Like every single one of our five kids, wearing the dad hat was for me a cliched process of having to learn to crawl before I walked.
Once past the dizzy, surreal, “Gey, I’m actually a dad” phase, my life as a dad looked more like a traineeship than a masterclass.
Having little to no examples of what healthy fatherhood is, was, or what healthy fatherhood even looked like, every metaphorical hands-and-feet advance was a literal basic training moment.
For as far back as I have been able to go, the broader pattern of my family’s history is a continuous cycle of pain, separation, fatherlessness, divorce, and death.
As my tight-lipped late grandmother’s 83-year-old sister often states,
“Why do you want to know? There’s not much, if anything, there to celebrate.”

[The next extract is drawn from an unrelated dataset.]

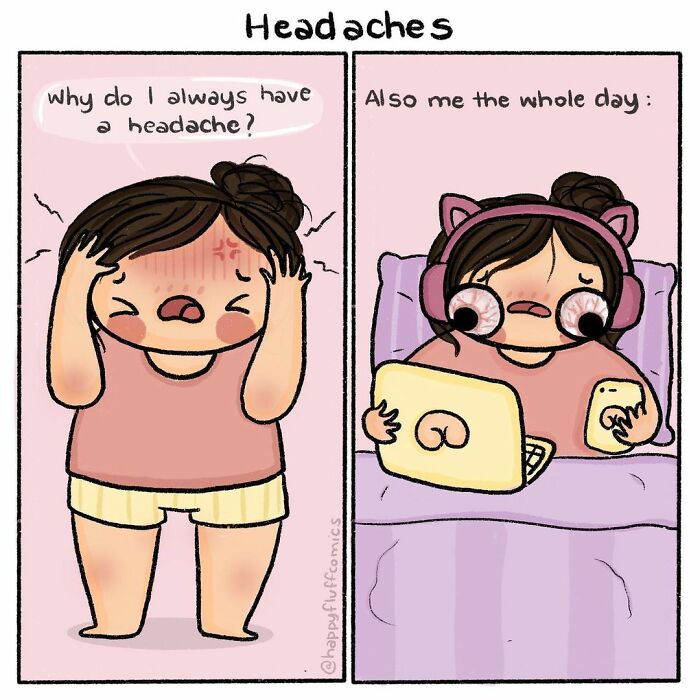 Artist illustrates daily life struggles with headaches and constant screen time in a relatable comic style.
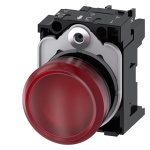 3SU11026AA201AA0 Indicator lights, 22 mm, round, plastic, red, lens, smooth, with holder, LED module, with integrated LED 24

The “scrapbook” family album is a disfigured family tree, mangled by a century of dysfunction, enough to be the envy of goth poets like Edger Allen Poe when they were at their darkest.
There isn’t a whole lot to get excited about. This makes the few special examples worth cheering on, all the brighter.
Like my great-great-grandparents who, with five children, including a newborn, travelled from Scotland to Australia in a converted tramp steamer in 1912.
A great-great-grandfather who worked on locomotives on the Western Front during World War 1. He was sent home a nervous wreck, because trains can’t dodge falling artillery shells or shell damaged tracks.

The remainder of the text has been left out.